John Carter se distingue par sa multitude d’espèces extraterrestres, six au total, ayant chacune sa vérité, son identité faite de forces et de faiblesses, d’aptitudes et de travers. Elles sont complémentaires et traitées à égalité, source de la plus grande qualité du film. Humains et créatures de synthèse ayant les mêmes droits en tant que personnages, cela tue dans l’œuf tout questionnement quant à la préséance du réel sur le virtuel, ou inversement. L’assimilation entre l’un et l’autre est exemplaire, et l’univers du film est ainsi toujours superbement cohérent, jamais branlant.
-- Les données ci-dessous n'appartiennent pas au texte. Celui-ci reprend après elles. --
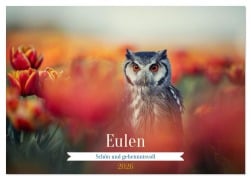 Cover-Bild zum Titel 'Eulen - schön und geheimnisvoll (Tischkalender 2026 DIN A5 quer), CALVENDO Monatskalender' von 'Tanja Brandt'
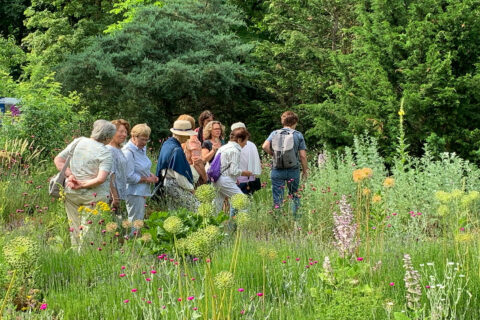 Zum Artikel "Aromapflanzen in der Arzneimitteltherapie"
Loin d’être cantonnées au statut de faire-valoir, les espèces les plus exotiques et éloignées de nous sont les plus fascinantes : les Tharks, les Therns. Le sidekick comique qu’est le « monstre-chien » Woola est également franchement réussi. Alors, c’est un sans-faute, tout va bien dans le meilleur des mondes martiens ? Pas tout à fait. Un problème de taille affaiblit John Carter : toute sa débauche d’entrain, de spectacle, d’éblouissement est déployée dans le but de sauver la princesse la plus insupportable du système solaire, depuis la nuit des temps. Déjà pas particulièrement bien écrit (une variante de l’inénarrable bimbo docteur en physique nucléaire jouée par Denise Richards dans le James Bond Le monde ne suffit pas), le personnage est définitivement condamné par le jeu horripilant de son interprète Lynn Collins. A chaque fois qu’elle devient moteur, on n’a pas du tout envie de la suivre mais plutôt de la baffer et de s’en débarrasser. Elle est la verrue sur un visage par ailleurs bien agréable.